▸ Work to complete
What is needed is an exact copy of the entries, with the pictures excluded.
(Beginning of Records for the task)
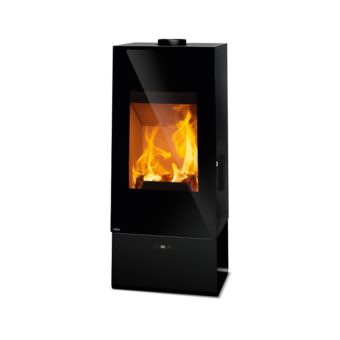 Cosy Flamme Poeles A Granules A Chateaubriant LOOK R3 Socle Noir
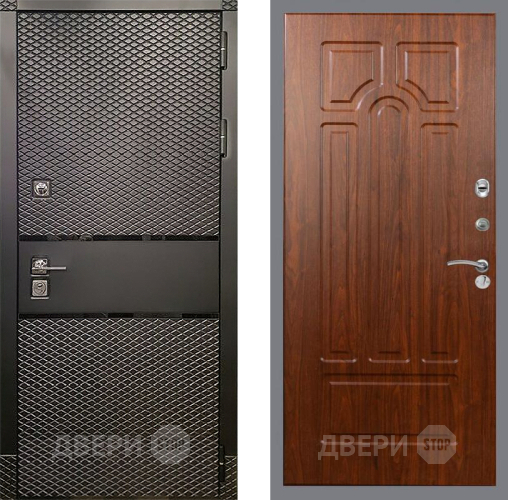 Входная металлическая Дверь Рекс (REX) 15 Черный Кварц FL-58 Морёная берёза в Черноголовке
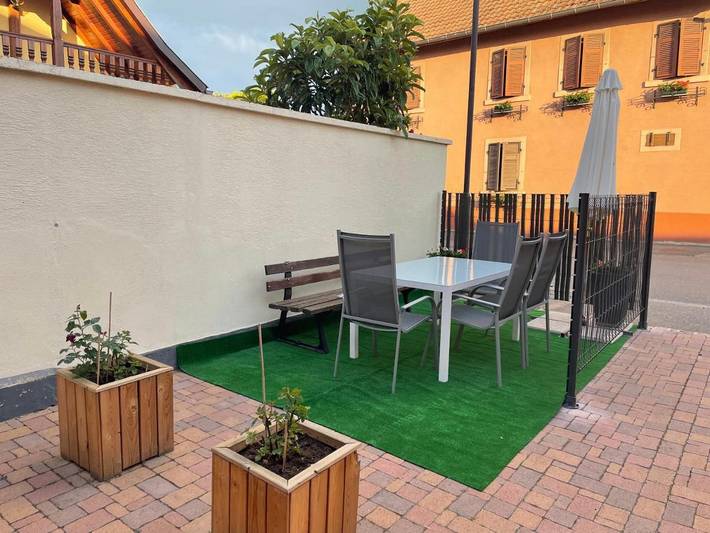 Location de vacances pour 8 personnes, avec terrasse à Houssen - 3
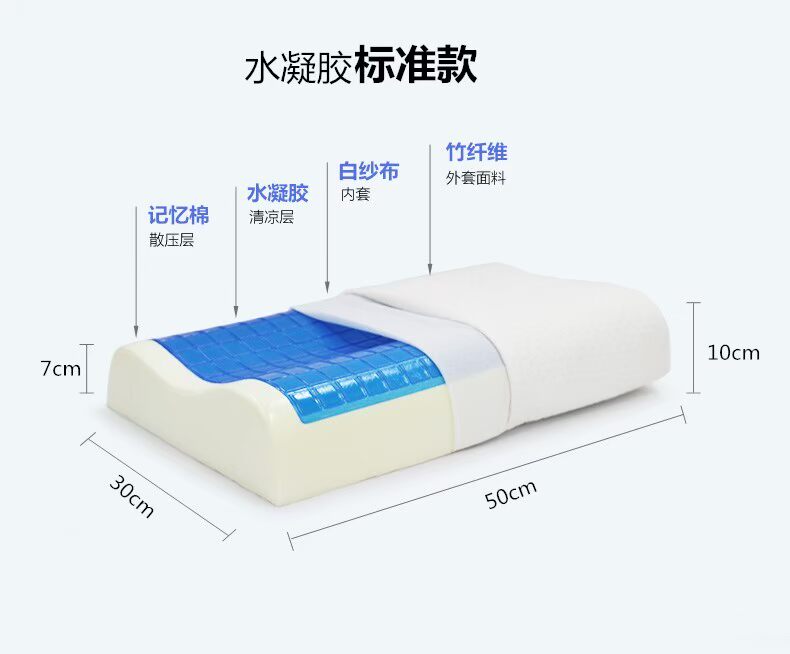 Mùa đông gối gel đặt cổ tử cung cổ người lớn silicone chậm phục hồi bộ nhớ bọt gối tựa lưng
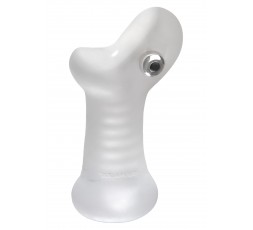 Sexy Shop Online I Trasgressivi - Masturbatore Vibrante Design - Vibrating Stroker N.2 Transparent - Doc Johnson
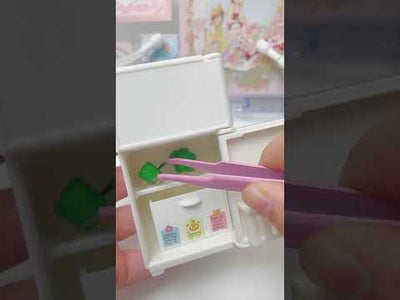 Casa de muñecas magnética, modelo de refrigerador de comida en miniatura, juguete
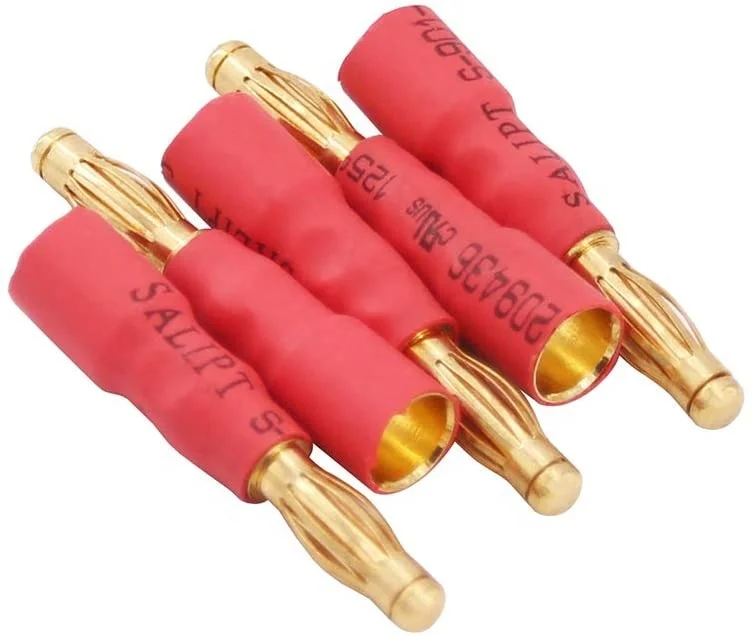 1mm 1.5mm 2.0mm 2.5mm 3.0mm 3.5mm 4.0mm 4.5mm 5.0mm 5.5mm 6.0mm 6.5mm 8mm gold plated banana bullet plug connector for RC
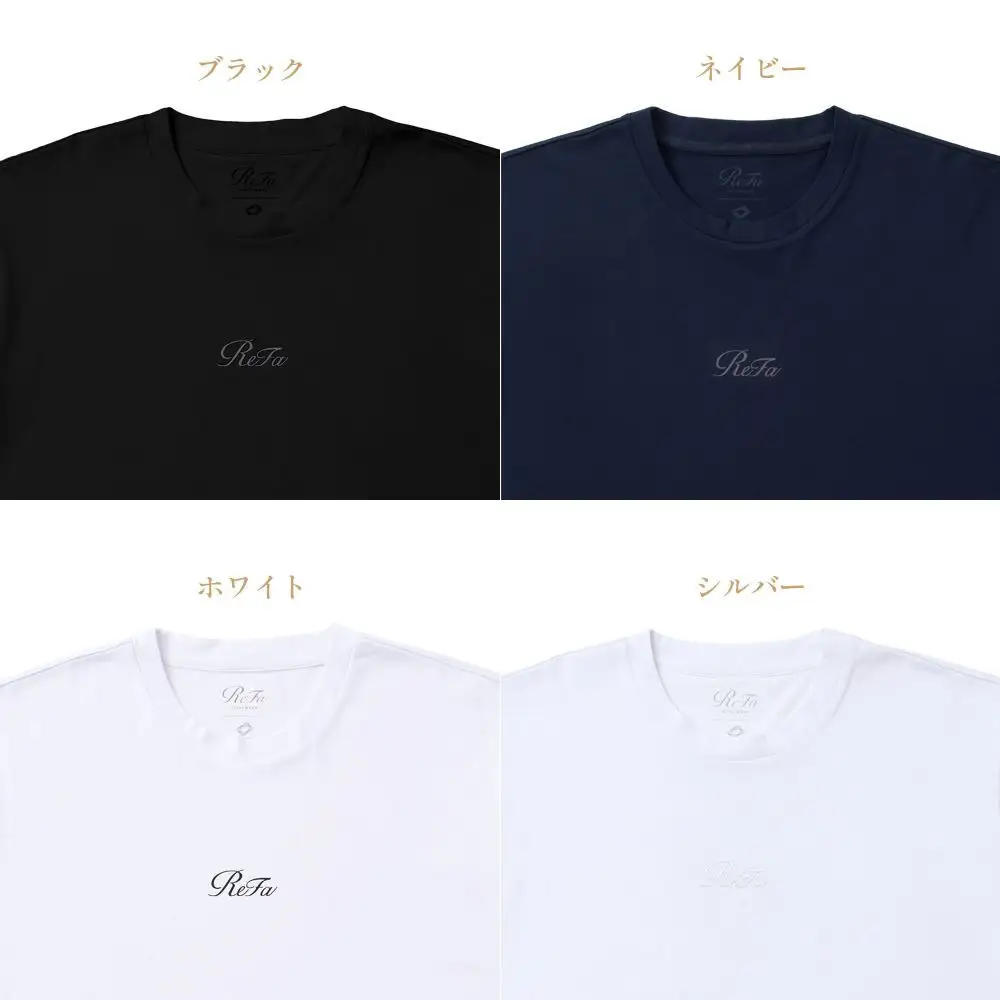 【ネイビー SSサイズ】リファ バイタルテック コンフォートジャージー クルーネックTシャツ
(End of Records for the task)
▸ Task result
 Cosy Flamme Poeles A Granules A Chateaubriant LOOK R3 Socle Noir
 Входная металлическая Дверь Рекс (REX) 15 Черный Кварц FL-58 Морёная берёза в Черноголовке
 Location de vacances pour 8 personnes, avec terrasse à Houssen - 3
 Mùa đông gối gel đặt cổ tử cung cổ người lớn silicone chậm phục hồi bộ nhớ bọt gối tựa lưng
 Sexy Shop Online I Trasgressivi - Masturbatore Vibrante Design - Vibrating Stroker N.2 Transparent - Doc Johnson
 Casa de muñecas magnética, modelo de refrigerador de comida en miniatura, juguete
 1mm 1.5mm 2.0mm 2.5mm 3.0mm 3.5mm 4.0mm 4.5mm 5.0mm 5.5mm 6.0mm 6.5mm 8mm gold plated banana bullet plug connector for RC
 【ネイビー SSサイズ】リファ バイタルテック コンフォートジャージー クルーネックTシャツ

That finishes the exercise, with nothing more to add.